De witte heks is een van de grootste nachtvlinders ter wereld
Het was op een wonderlijke plek in een wonderlijk land waar onlangs de grootste vlinder ter wereld voor mijn lens verscheen. Suriname aan het einde van de ”kleine regentijd”. In het natuurgebied Brownsberg, om precies te zijn. Dat ligt op een paar uur rijden ten zuiden van Paramaribo.
Langzaam zie je de lintbebouwing dunner worden, om uiteindelijk helemaal te verdampen voordat het nationale vliegveld Zanderij in beeld verschijnt.
Wat daarna volgt, is een halfopen savanneachtig vlak landschap. En dan, vrij plotseling, slingert zich een bauxietweg omhoog. Bauxiet, de ruwe grondstof voor aluminium, is belangrijk voor Suriname, zelfs wegen zijn ernaar vernoemd. Hoewel je maar 500 meter stijgt, vertragen de diepe kuilen en grote plassen de klim tot drie kwartier.
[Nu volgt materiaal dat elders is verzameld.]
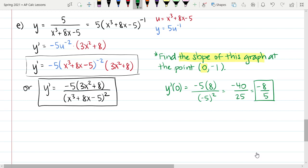These are some examples of using the chain rule. The chain rule is a derivative rule you'll find yourself using more often than not, so it's super important that you're as comfortable with it as possible. Good luck.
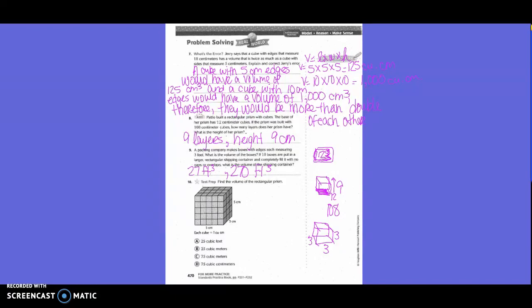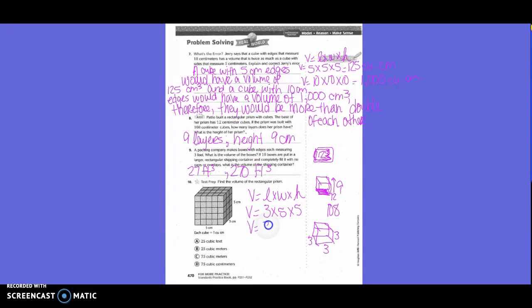Number ten: find the volume of the rectangular prism. Volume equals length times width times height, which is 3 times 5 times 5. Five times five is 25, and 25 times 3 equals 75. So the volume is 75 cubic centimeters — not meters. You have to pay attention to your labels.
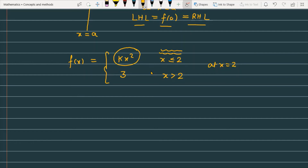Since kx² is a polynomial function and polynomial functions are everywhere continuous, I don't need to calculate the left-hand limit separately — I know it equals the functional value. However, the left-hand limit must equal the right-hand limit for the function to be claimed continuous at x equals 2.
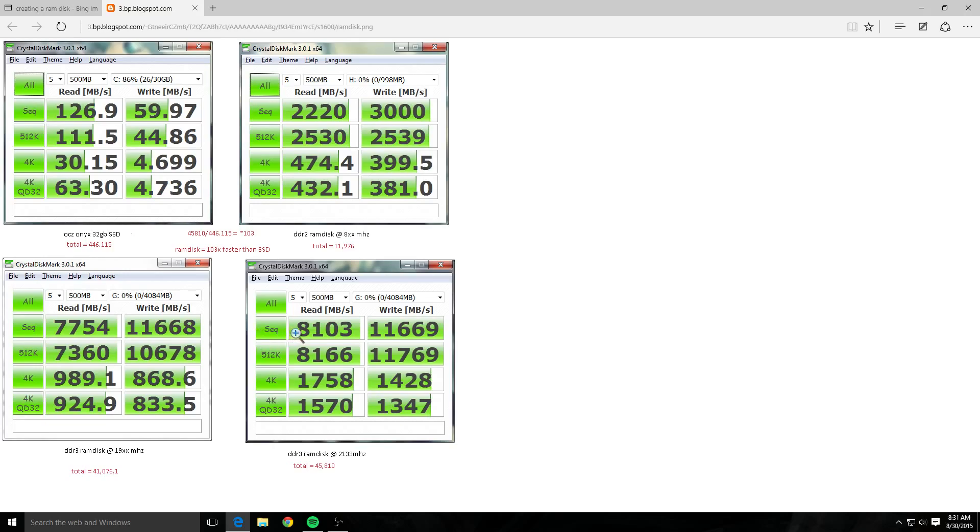The DDR3 you're getting 8,103 reads and 11,669 writes with a RAM drive. Now a RAM drive, every time you power off your system and bring it back on, it has to repopulate that data to the RAM that you have.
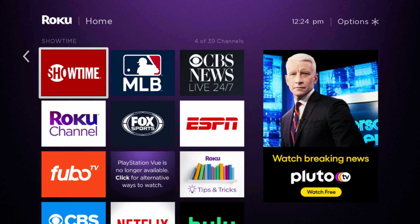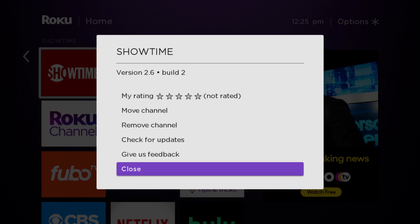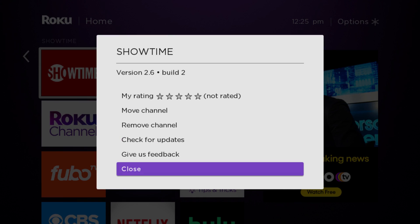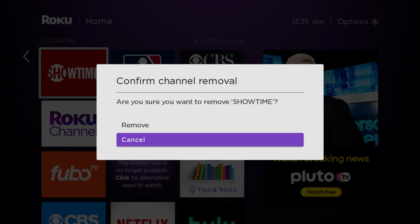At this point on your Roku remote, you want to click the little button that looks like an asterisk or a star. That's going to open up the options. So I'm clicking on that button — it's loading the channel information, and then it should pop up with a menu. We're going to go up and click where it says remove channel.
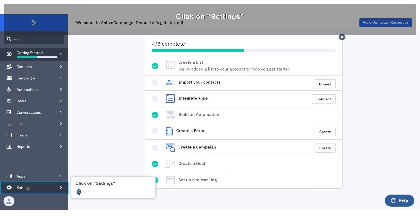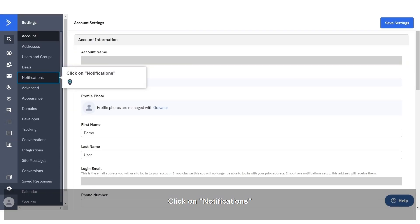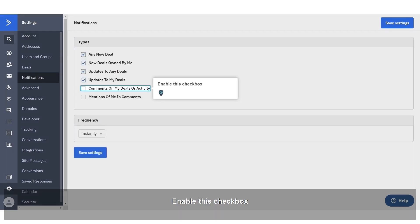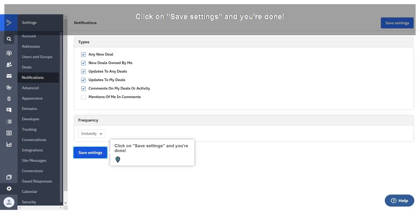Click on Settings. Click on Notifications. Enable this checkbox. Click on Save Settings and you are done.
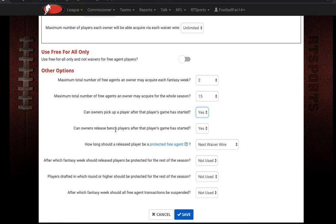Can owners release bench players after that game has started? If this is turned on to yes, for that same Packers-Bears game, you can release those players on Friday if this is on. If it's set to no, they'll be locked into that position. You can only release them if they're on your bench — if they're in your starting lineup you cannot release them, even if this is turned on to yes.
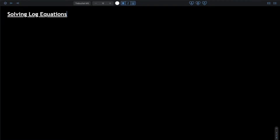Hi everyone, today we'll take a look at solving log equations. Solving log equations is a fairly straightforward process — you're going to be following the same steps every time.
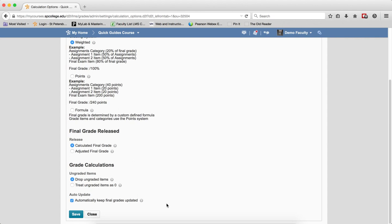The last checkbox, automatically keep final grades updated—if that's checked, which it will be, and again, don't uncheck it—this will automatically keep the final grade updated throughout the entire term so the student can know what their grade is at any time.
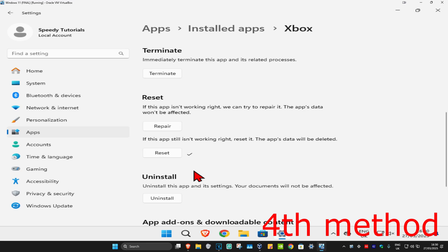Wait for this to load. And then once that's been reset, go back onto the Xbox app, log back in, see if that works for you.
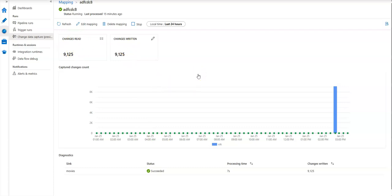That should be enough to help you get started building your CDC processes within Data Factory. I'm very excited to have you try it and give us your feedback. We'll be recording some new videos throughout the preview time period for Change Data Capture. Thank you so much for watching.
Eenmaal boven wacht je een wonderlijke wereld van enkele houten panden omgeven door een weelderig regenwoud. Je ziet de zon ondergaan boven het Brokkopondo-meer, en dan op het wegdek is hij er in- eens: de Thysania agrippina. Dat is zijn officiële naam, maar de Britten noemen hem de ”white witch” (witte heks). Een rake benaming, want deze nachtvlinder is sprookjesachtig, mysterieus. En: enorm groot. De ‘witte heks’ (de grote witte vlinder op de afbeelding) vliegt niet, hij klapwiekt.
Ik sta bij de grootste vlinder ter wereld! Nou ja, de vlinder met de grootste spanwijdte; deze had er een van 27 centimeter. Qua vleugeloppervlak wordt-ie net ingehaald door de atlasvlinder uit Zuidoost-Azië.
Dat mysterieuze zit hem in zijn herkomst: niemand heeft ooit de rups van deze nachtvlinder gevonden. Ook over de waardplant tasten we nog in het duister. Alleen de volwassen vlinder kennen we. Hij is voor het eerst beschreven in Suriname, waar ook de afbeelding vandaan komt.